Miriam Cesta A cura di Miriam Cesta Pubblicato il 19/12/2018 Aggiornato il 19/12/2018

Solo 4 regioni raggiungono l'obiettivo europeo secondo cui almeno un bambino su tre deve essere accolto in asili nido e strutture simili

Asili nido: in Italia trova posto un bambino su 5

In Italia trovano posto negli asili nido circa il 23% dei bambini tra 0 e 3 anni, ovvero poco più di un bambino su cinque. Cifre che vedono il nostro Paese non in linea con quanto chiesto dall’Europa, secondo cui deve essere accolto nelle strutture educative per l’infanzia almeno il 33% dei bambini con meno di tre anni, ovvero uno su tre.

Centro-nord più virtuoso

I dati più recenti raccolti dall’Istat (Istituto nazionale di statistica) si riferiscono all’anno educativo 2014-15. Mostrano come in media in Italia possano contare su asili nido e altri servizi per la prima infanzia circa 23 bambini su 100 con meno di tre anni, e mettono in evidenza come solo la Valle d’Aosta, l’Umbria, l’Emilia Romagna e la provincia autonoma di Trento superino la soglia del 33% chiesta dall’Europa, seguite dalla Toscana con il 32,7%. Tutte le altre regioni sono ancora lontane dal traguardo con differenze anche molto significative, soprattutto al sud.

Al Sud meno sevizi

Ultime in classifica le regioni del Mezzogiorno, in cui la carenza di strutture dedicate alla prima infanzia appare in alcuni casi drammatica: come in Campania e in Calabria, dove trovano posto nelle strutture dedicate alla primissima infanzia rispettivamente 6-8 bambini su cento, mentre in Sicilia i posti disponibili sono sufficienti appena per un bambino su 10. Parametri preoccupanti anche in Puglia e Basilicata (con il 12,6% e il 14,2%).
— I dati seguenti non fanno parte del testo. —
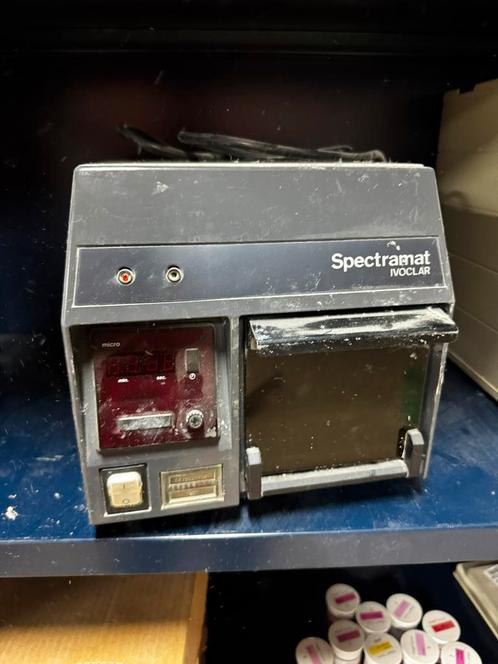 Tandtechniek Ivoclar Spectramat – Lichtuithardingsoven, Verzamelen, Elektronische Apparatuur, Overige typen, Ophalen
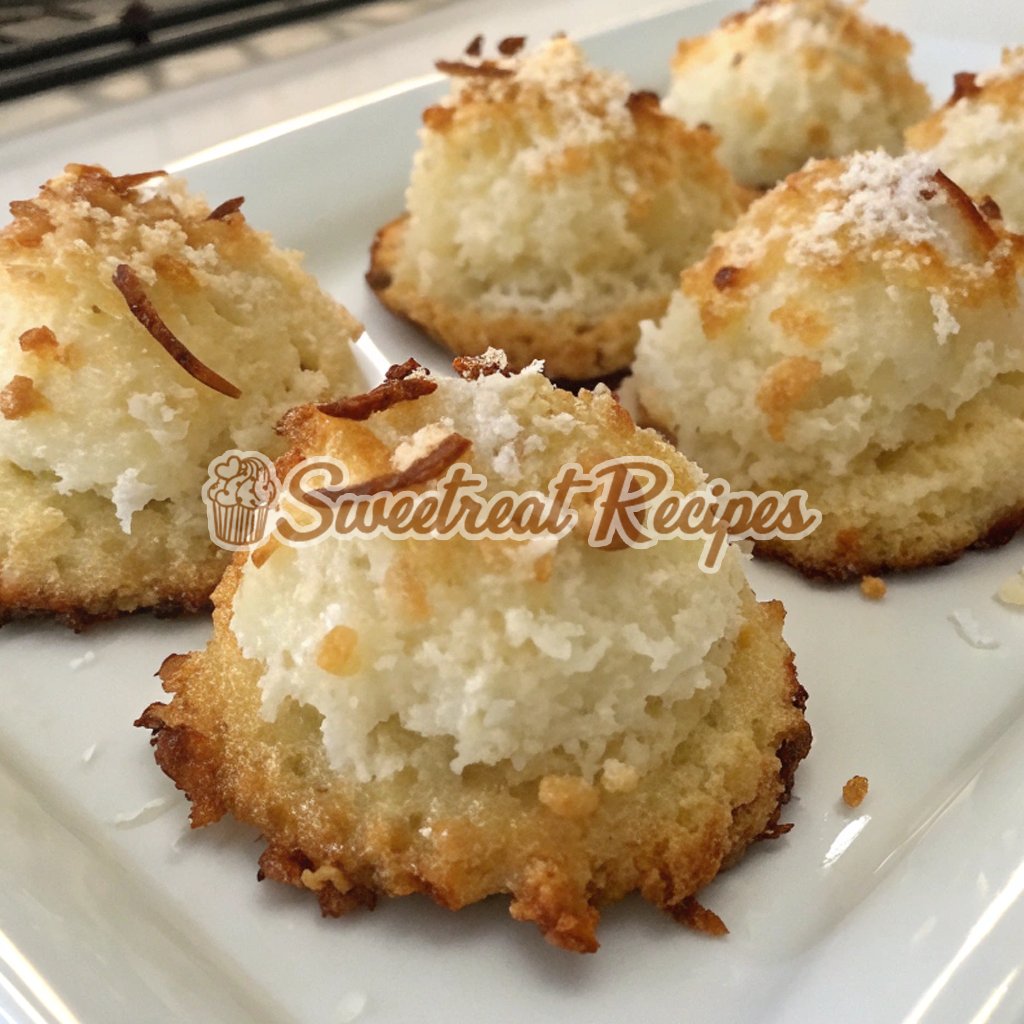 SweetreatRecipe's tweet image. Coconut Macaroons

☑️Ingredients:

14 ounces (1 can) sweetened condensed milk

1 teaspoon vanilla extract

1/2 teaspoon almond extract (optional, but recommended)

Pinch of salt

7 ounces (about 2 1/3 cups) shredded sweetened coconut
#Coconut #Macaroons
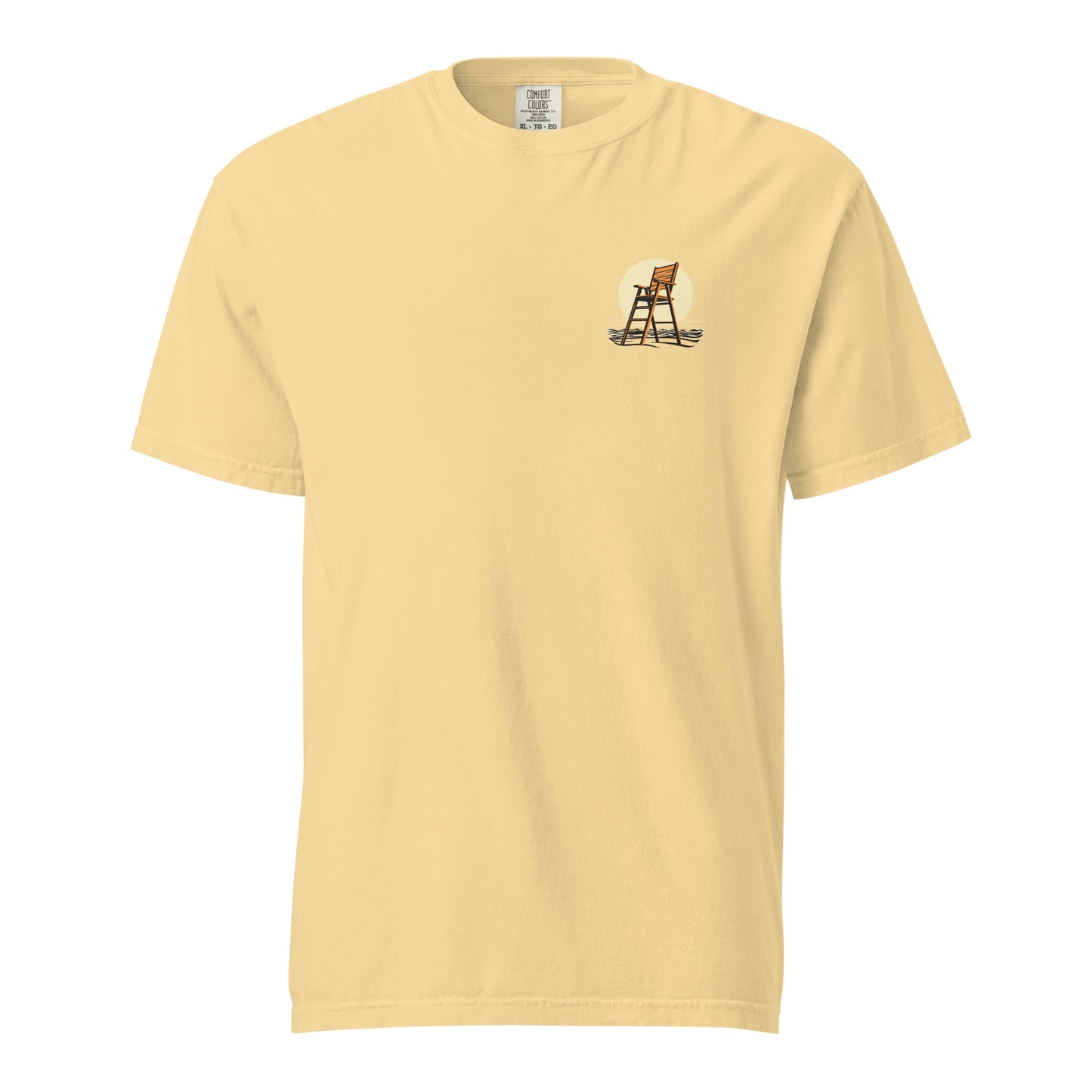 Manasquan Unisex garment-dyed heavyweight t-shirt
Molise e Abruzzo, invece, mantengono un dato comunque in linea con la media italiana, riuscendo a offrire l’accesso ad asili nido e strutture simili a due bambini su dieci.

 

 

 
 
 

Da sapere!

Il Consiglio europeo tenuto a Barcellona nel lontano 2002 aveva posto come traguardo per gli Stati membri che i posti disponibili nei servizi per la prima infanzia coprissero almeno un terzo della domanda potenziale, cioè il 33% dei bambini sotto i 3 anni. Obiettivo recepito anche dalle leggi italiane, in ultimo dal decreto legislativo 65 del 2017, che ha ribadito questo impegno. Per ora solo sulla carta.